Mit System zum Erfolg, Teil 1
Also, lautet der Beschluss, dass der Mensch was lernen muss. Was Wilhelm Busch schon vor mehr als hundert Jahren so nett umschrieben hat, gilt heute, in einer Zeit des immer schnelleren Wandels, als hochmodern. Aus dem Lernen kommt man heute nicht mehr heraus. Dabei ist lernen nicht gleich lernen. Da gibt es Leute, die sagen, sie müssten büffeln und pauken, um etwas zu behalten. Anderen scheint das Wissen nur so zuzufliegen. Bevor der hier Benachteiligte dies nun als unabänderliches Schicksal hinnimmt, sollte er mal darüber nachdenken, ob es vielleicht an seinem persönlichen Lernsystem liegt, dass er sich so quälen muss.
Was heißt eigentlich „lernen“?
Mit ein bisschen Grundwissen über die Funktionsweise des Gehirns und einer guten Organisation des Lernens ist jeder in der Lage, mit Erfolg zu lernen. Der Begriff „Lernen“ kommt aus dem Germanischen („leis“) und bedeutet Spur oder Bahn. Ziel ist es, Wissen zu erlangen, d.h. wir verändern uns aus dem Zustand des Nichtwissens heraus zum Wissen. Wir selber müssen dem Wissen aktiv nachspüren. Dies geht am besten, wenn wir neue Gedanken mit bereits vorhandenem Wissen verbinden. Dadurch breitet sich das Wissen immer mehr aus. Zwischen einer Unterweisung und dem Wissen liegen Arbeit und Zeit, den Spuren nachzugehen. Wahres Lernen ist kein automatisches Wiederholen von Fakten und nur, weil man etwas einmal gehört hat, weiß man es noch nicht. Lernen ist ein mühsamer Prozess, in dem sich der Lernende das Wissen individuell aneignen muss.

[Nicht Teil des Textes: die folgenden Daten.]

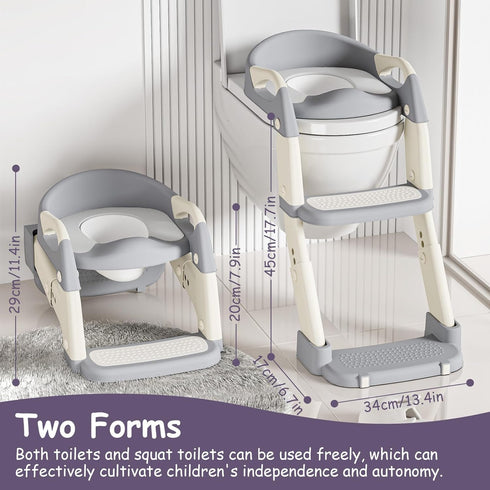 kimitimi 3-in-1 Potty Training Seat with Ladder Toddler Toilet Ladder Kids Toilet Chair for Little Boys Girls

1,5 kg Hirn, so groß wie eine Kokosnuss
Zunächst einmal ein paar erstaunliche Daten und Fakten: Das Großhirn eines Erwachsenen wiegt ca. 1,5 kg. Es hat die Größe einer Kokosnuss und besteht zu 3/4 aus Wasser. Somit besitzt der Mensch nicht das größte Gehirn im Tierreich. Der Mensch – als Spitze der Evolution – besitzt jedoch das beste Verhältnis zwischen der Masse seines Gehirns zu seiner Körpermasse. Elektrische und chemische Prozesse steuern Denken, Fühlen und Handeln. Dafür verfügt das Gehirn über 500 Billionen (das ist eine 1 mit 12 Nullen!) Schaltstellen, so genannten Synapsen, und es sind über 500000 km Leitungen verlegt, die Nervenfasern. Das entspricht einer Leitung, die 12,5-mal um die Erde gewickelt wäre. Der Energieverbrauch beträgt 0,2 kWh. Mit anderen Worten: Wer denkt und lernt, der benötigt Energie. Deshalb sollte man nie hungrig lernen. Tatsächlich hilfreich für ausreichend „Strom in der Birne“ ist dabei auch der gute alte Traubenzucker.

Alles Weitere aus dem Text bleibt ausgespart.